The advantage of hc-lnshc algorithm lies in its robustness, which is noticeable in its low variance. For 17 out of 20 instances, the standard deviation error of hc-lnshc is less than 0.01 % and the source of indeterminism of hc-lnshc lies only in the time-dependent stopping criterion for the whole program (the program was terminated after 300 s). In contrast, the dispersion of results obtained by S41 is larger, especially for set A (but also b_01). The algorithm with the highest variance is S38, whose standard deviation for a2_2 exceeds 1.20 %.
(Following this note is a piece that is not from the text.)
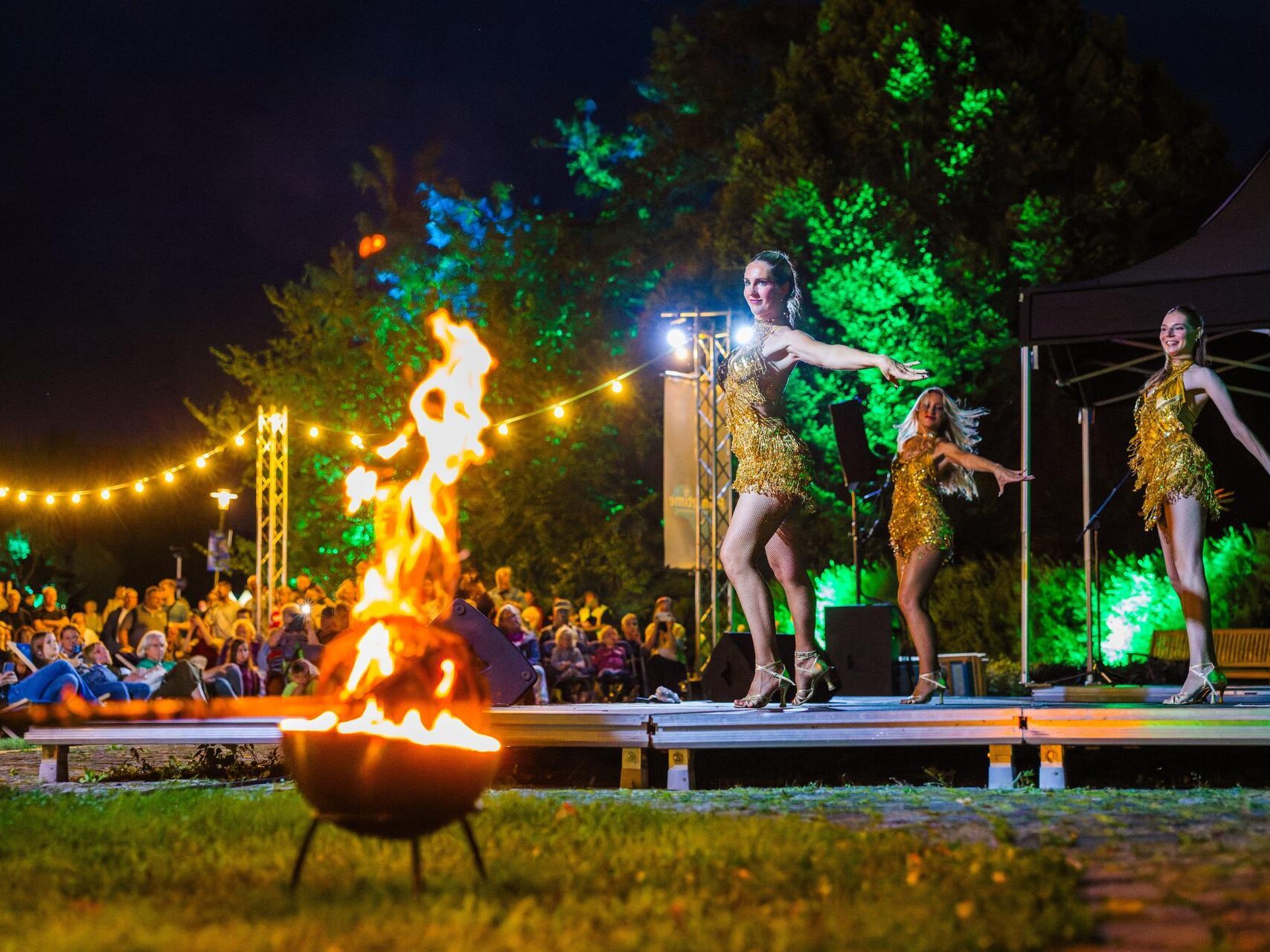 Drei Künstlerinnen und Künstler treten bei Dunkelheit auf einer Open-Air-Bühne auf. Im Vordergrund brennt eine Feuerschale, während das Publikum die Show unter Lichterketten verfolgt.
Figure 5 presents the dynamics of all algorithms for 8 instances. Despite S41 being clearly the best algorithm for a2_2 and a2_3, it can be observed that for other instances, it progresses significantly slower than both S38 and hc-lnshc.

Fig. 5

Comparison of S41, S38 and hc-lnshc in time

5 Discussion

In the proposed approach for the machine reassignment problem, we do not employ a single algorithm, but instead we combine several different algorithms including local search heuristics and exact mathematical programming techniques. Interestingly, this approach follows a wider trend in solving real-world combinatorial optimization problems which is referred to as hybrid metaheuristics (Blum and Roli 2008). Such hybrid approaches are believed to benefit from synergetic exploitation of complementary strength of their components. Indeed, many works concerning non-trivial optimization problems report that hybrids are more efficient and flexible than traditional metaheuristics applied separately (Prandtstetter and Raidl 2008; Burke et al. 2010; Hu et al. 2008; Cambazard et al. 2012). In this work we confirm these observations.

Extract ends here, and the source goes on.